Print the entries in full, word for word, but not the pictures.
★ ★ ★ ★ ★ ★ ★
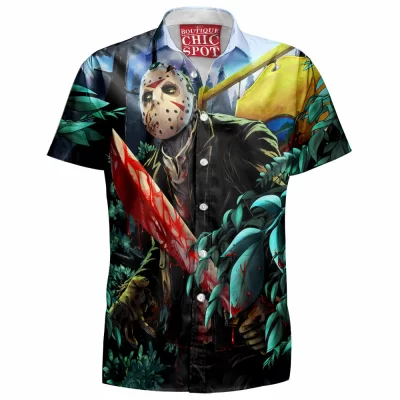 Friday The 13th Hawaiian-Shirt, Horror Hawaiian-Shirt, Jason Voorhees Hawaiian-Shirt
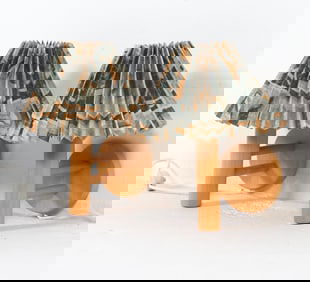 PAIR OF SWEDISH BEECH WALL SCONCES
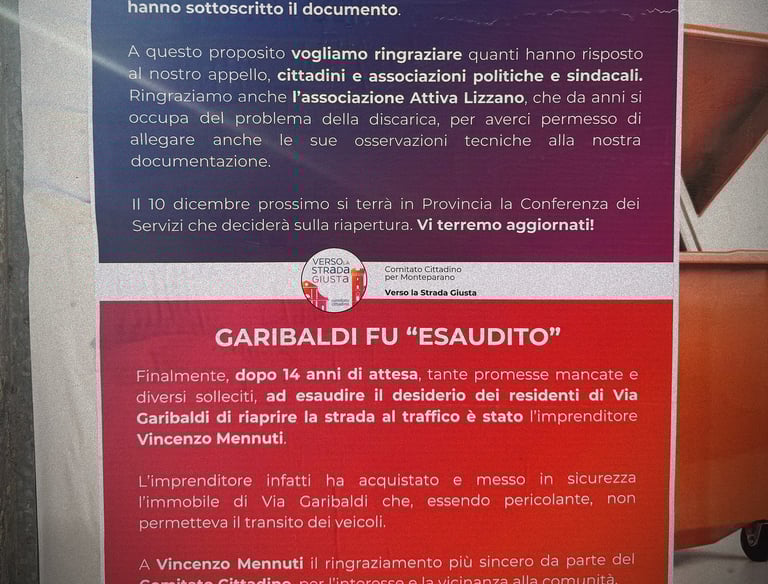 manifesto murale di verso la strada giusta monteparano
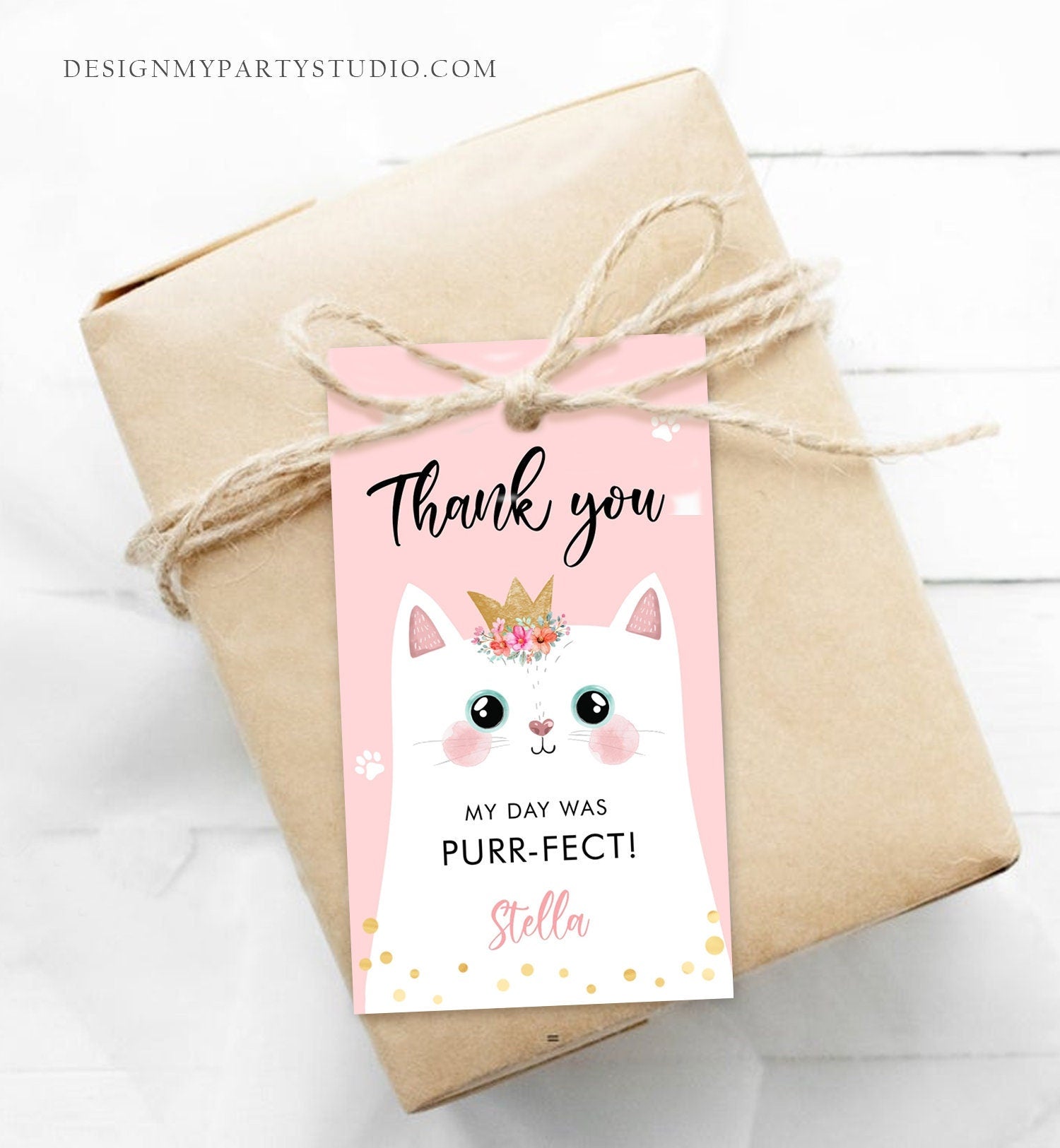 Editable Kitten Birthday Favor Tags Kitty Birthday Thank you Label Cat Party Gift Tags Girl Pink Purrfect Digital Template PRINTABLE 0381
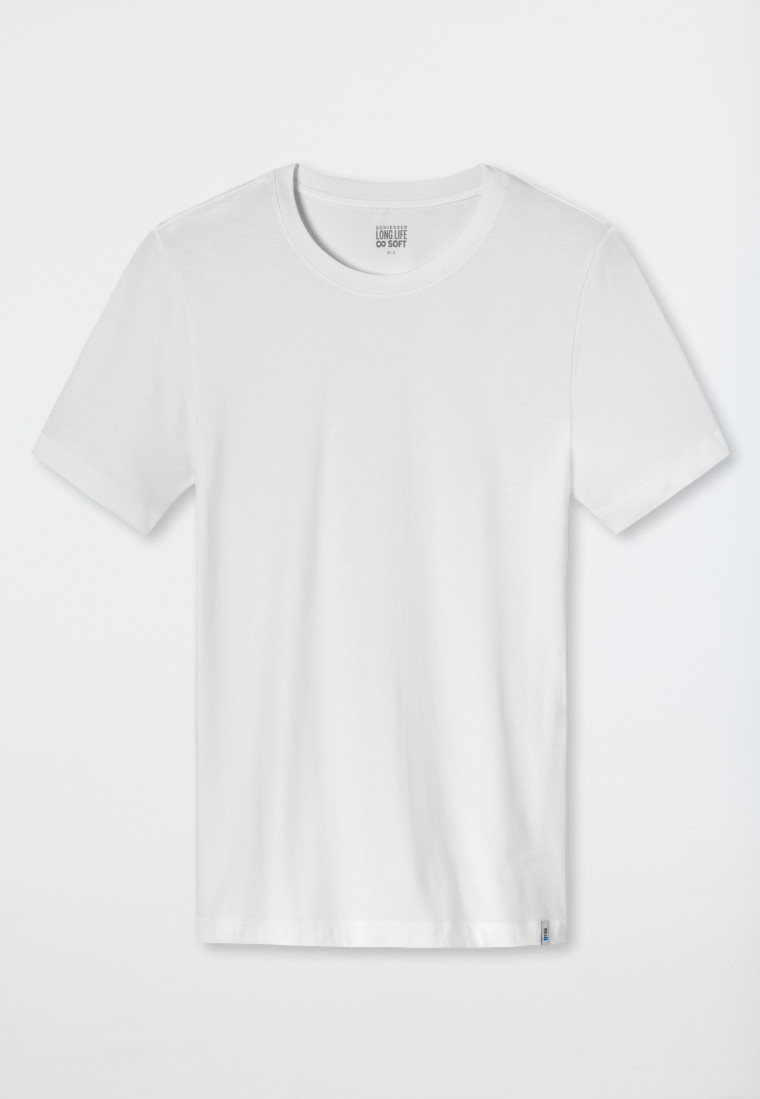 Schiesser Shirt kurzarm Jersey elastisch rundhals weiß - Long Life Soft Saisonschlussverkauf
★ ★ ★ ★ ★ ★ ★
• **YOUR SOLUTION**:
 Friday The 13th Hawaiian-Shirt, Horror Hawaiian-Shirt, Jason Voorhees Hawaiian-Shirt
 PAIR OF SWEDISH BEECH WALL SCONCES
 manifesto murale di verso la strada giusta monteparano
 Editable Kitten Birthday Favor Tags Kitty Birthday Thank you Label Cat Party Gift Tags Girl Pink Purrfect Digital Template PRINTABLE 0381
 Schiesser Shirt kurzarm Jersey elastisch rundhals weiß - Long Life Soft Saisonschlussverkauf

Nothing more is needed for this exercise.